Document Conversion
The document conversion API endpoint /conversion
allows you to convert an unstructured PDF of payroll data or financial statements (balance sheet, income statement) in to structured data suitable for financial spreading and evaluation.
The conversion API operates asynchronously, in order to be notified when a conversion is complete you’ll want to setup a webhook listener for the document_conversion_complete
event.
To use the conversion API you perform a multipart/form-data
POST to the /conversion
endpoint with the following keys:
There is a Postman tutorial for document conversion with example responses on this page.
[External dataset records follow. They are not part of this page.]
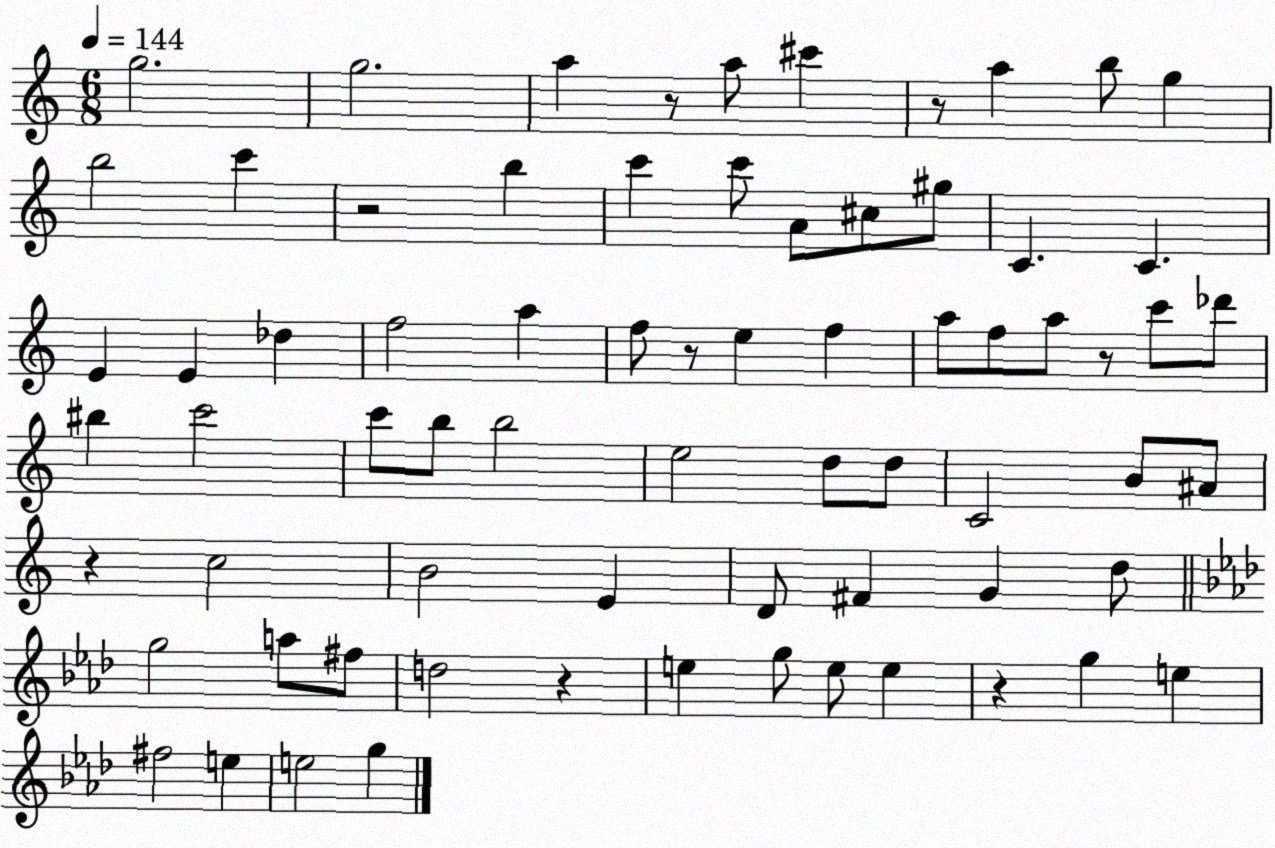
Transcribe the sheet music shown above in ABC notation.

X:1
T:Untitled
M:6/8
L:1/4
K:C
g2 g2 a z/2 a/2 ^c' z/2 a b/2 g b2 c' z2 b c' c'/2 A/2 ^c/2 ^g/2 C C E E _d f2 a f/2 z/2 e f a/2 f/2 a/2 z/2 c'/2 _d'/2 ^b c'2 c'/2 b/2 b2 e2 d/2 d/2 C2 B/2 ^A/2 z c2 B2 E D/2 ^F G d/2 g2 a/2 ^f/2 d2 z e g/2 e/2 e z g e ^f2 e e2 g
POST Request Table of Keys:
Keys | Required | Type | Definition |
---|---|---|---|
document | yes | binary | The PDF document to convert |
type | yes | string (text in Postman) | either |
url | no | string (text in Postman) | The URL the PDF was downloaded from. This additional hint helps the conversion process and will result in a higher chance that we can convert the document |
In response to this request you will receive a document processing ID
which can be used to track the status of this conversion via requests to the /conversion/id
endpoint, where "id" is the numeric id.
When the conversion is completed a webhook notification will be sent. You may also poll the /conversion/id endpoint though this is not recommended
Once the document has been converted a GET request can be sent to /conversion/id endpoint with the following keys:
GET Request Table of Keys:
Keys | Required | Type | Definition |
---|---|---|---|
id | yes | integer | The document processing identifier |
format | yes | string | Either |
You also need to send an accept header with a value of application/vnd.openxmlformats-officedocument.spreadsheetml.sheet
to get an Excel output as opposed to JSON.
Status and Rating Table:
In both the GET and POST requests, you will see a status
key in the response. In only the GET request, you will see a rating
key.
Key | Description |
---|---|
status (GET and POST) | “new” status means the document has not yet been processed. “done” status means the document has been processed “not processable” status means the document could not be converted. Please ensure you entered the correct file and file type during the POST request. |
rating (GET) | “A” rating means the document has both basic processing and extract information; “C” rating means document has only basic processing information; “F” rating means there is no processing information available for this document; “NA” means a rating is not applicable to this type of document if the status is “done” or if the document is still being processed. |
Flowchart of Steps
Using Postman for Document Conversion
Please download the OpenAPI specification found here.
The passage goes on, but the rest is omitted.